Performance on DREAM3 benchmark data
DREAM3 datasets about Yeast knock-out genes with sizes 10, 50, and 100 were used.
First, DDTG was applied to the Yeast gene expression data with network sizes 10 and 10 samples. The comparison of DDTG with other methods is shown in Figure 3A, where DDTG outperforms other methods significantly with an AUC score of 1.000. From Figure 3A, we can see that all of the edges were detected. The performance of DDTG and other methods with respect to PPV, ACC, MCC, and AUC are shown in Table 1, where DDTG is superior to other methods.
FIGURE 3.
ROC curves of several methods on networks with different sizes. The solid line with star points is the ROC curve of method DDTG. (A) The ROC curves on the network with size 10. (B) The ROC curves on the network with size 50. (C) The ROC curves on the network with size 100.
TABLE 1.
Comparison on networks with sizes 10, 50, and 100.

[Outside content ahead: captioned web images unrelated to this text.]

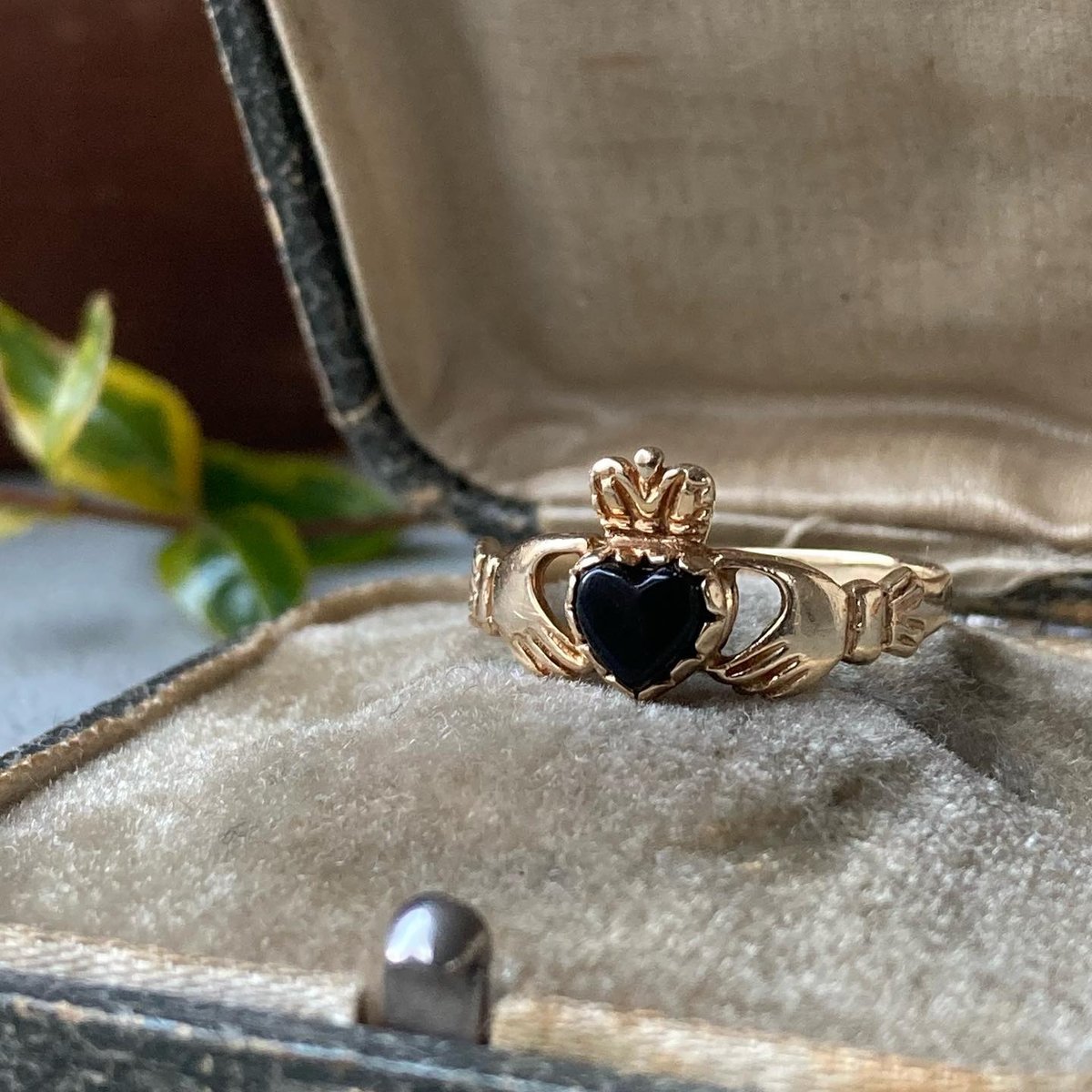 クラダリング（ブラックハート） | Hands Tell You｜心くすぐる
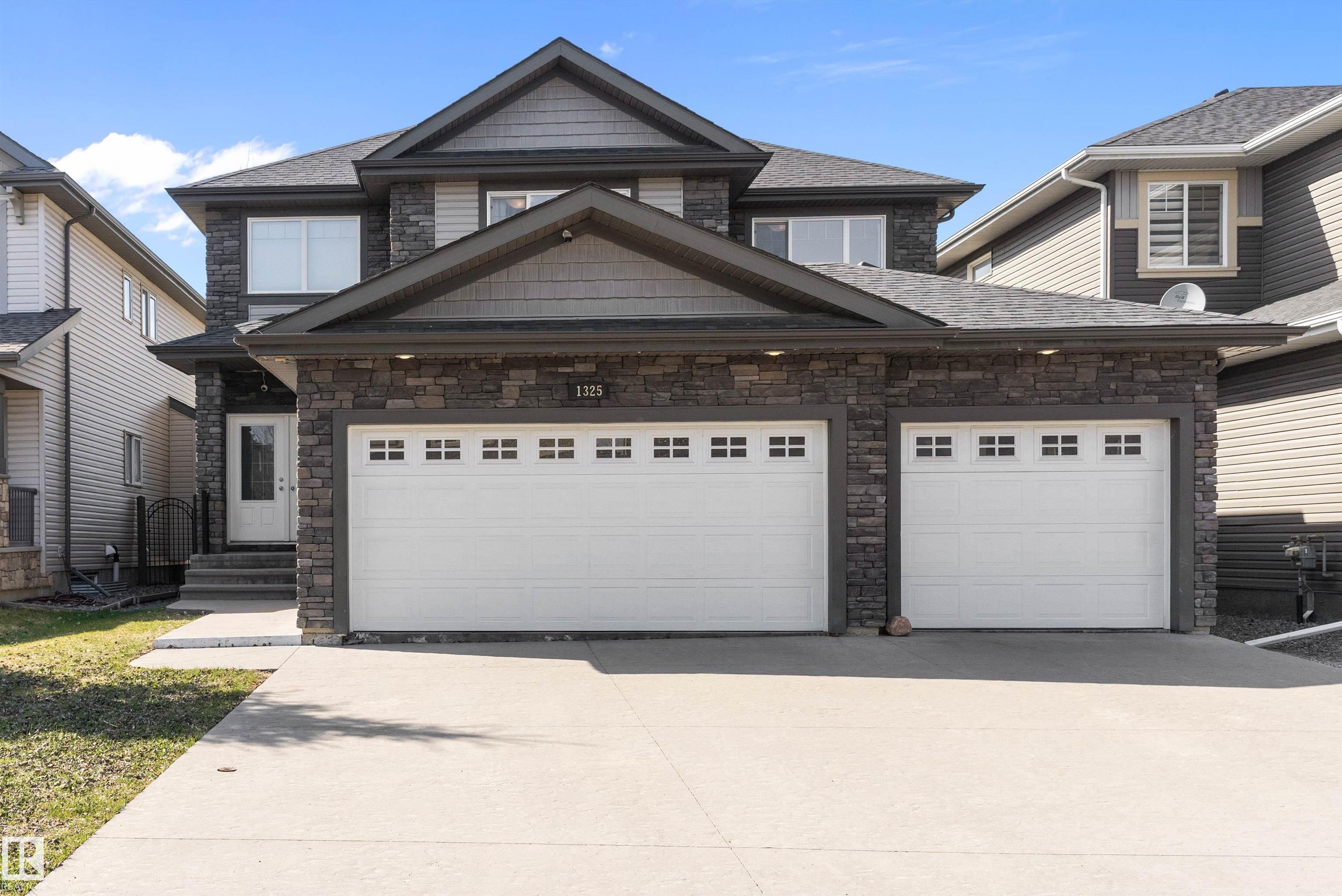 1325 Adamson Drive SW, Allard, Edmonton 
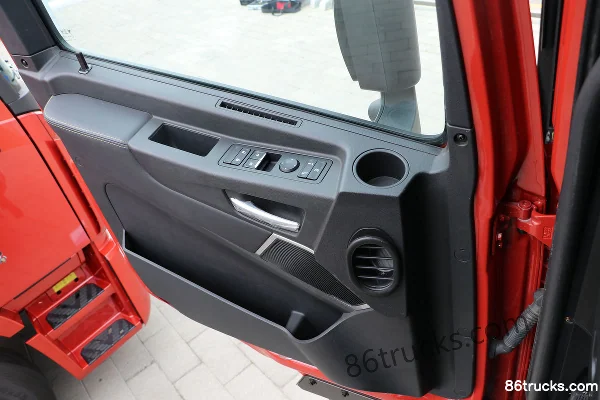 Foton Auman Kunlun Reinforced 530 hp 8X4(12 wheels) 8.6m LNG Dump Truck Cab (3) | 86Trucks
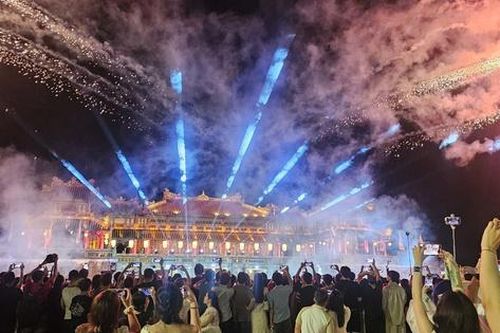 'Biển người' đổ về Đại nội Huế trải nghiệm không gian hoàng cung về đêm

| Method | TPR | FPR | PPV | ACC | MCC | AUC |
|---|---|---|---|---|---|---|
| Size 10 | ||||||
| LASSO | 0.600 | 0.837 | 0.082 | 0.211 | −0.191 | 0.703 |
| LP | 0.100 | 0.412 | 0.029 | 0.533 | −0.202 | 0.738 |
| RO | 0.100 | 0.500 | 0.024 | 0.456 | −0.252 | 0.798 |
| ARACNE | 0.900 | 0.112 | 0.500 | 0.888 | 0.618 | 0.930 |
| GENIE3_FR_sqrt | 0.700 | 0.112 | 0.437 | 0.867 | 0.483 | 0.919 |
| GENIE3_FR_all | 0.700 | 0.138 | 0.389 | 0.844 | 0.442 | 0.894 |
| NARROMI | 0.700 | 0.050 | 0.636 | 0.922 | 0.623 | 0.938 |
| DDTG | 1.000 | 0.000 | 1.000 | 1.000 | 1.000 | 1.000 |
| Size 50 | ||||||
| LASSO | 0.351 | 0.129 | 0.081 | 0.855 | 0.113 | 0.711 |
| LP | 0.389 | 0.085 | 0.130 | 0.899 | 0.182 | 0.669 |
| RO | 0.494 | 0.131 | 0.109 | 0.857 | 0.181 | 0.727 |
| ARACNE | 0.597 | 0.082 | 0.192 | 0.908 | 0.303 | 0.832 |
| GENIE3_FR_sqrt | 0.481 | 0.078 | 0.167 | 0.908 | 0.245 | 0.843 |
| GENIE3_FR_all | 0.442 | 0.073 | 0.164 | 0.912 | 0.231 | 0.796 |
| NARROMI | 0.532 | 0.062 | 0.217 | 0.925 | 0.307 | 0.839 |
| DDTG | 0.779 | 0.063 | 0.284 | 0.931 | 0.445 | 0.856 |
| Size 100 | ||||||
| LASSO | 0.403 | 0.112 | 0.175 | 0.861 | 0.199 | 0.696 |
| LP | 0.129 | 0.017 | 0.305 | 0.935 | 0.169 | 0.581 |
| RO | 0.245 | 0.056 | 0.206 | 0.906 | 0.175 | 0.580 |
| ARACNE | 0.118 | 0.016 | 0.304 | 0.936 | 0.161 | 0.695 |
| GENIE3_FR_sqrt | 0.007 | 0.001 | 0.308 | 0.944 | 0.040 | 0.710 |
| GENIE3_FR_all | 0.053 | 0.006 | 0.337 | 0.941 | 0.115 | 0.665 |
| NARROMI | 0.138 | 0.014 | 0.364 | 0.939 | 0.197 | 0.696 |
| DDTG | 0.635 | 0.185 | 0.169 | 0.805 | 0.254 | 0.726 |
The best performer for the relative item is noted in bold. LASSO, a regression method; LP, a linear programing-based method; RO, a recursive optimization-based method; ARACNE, a MI-based method; GENIE3, a random forest-based method; NARROMI, a method based on RO and MI; DDTG, a method based on dissecting the downstream target nodes.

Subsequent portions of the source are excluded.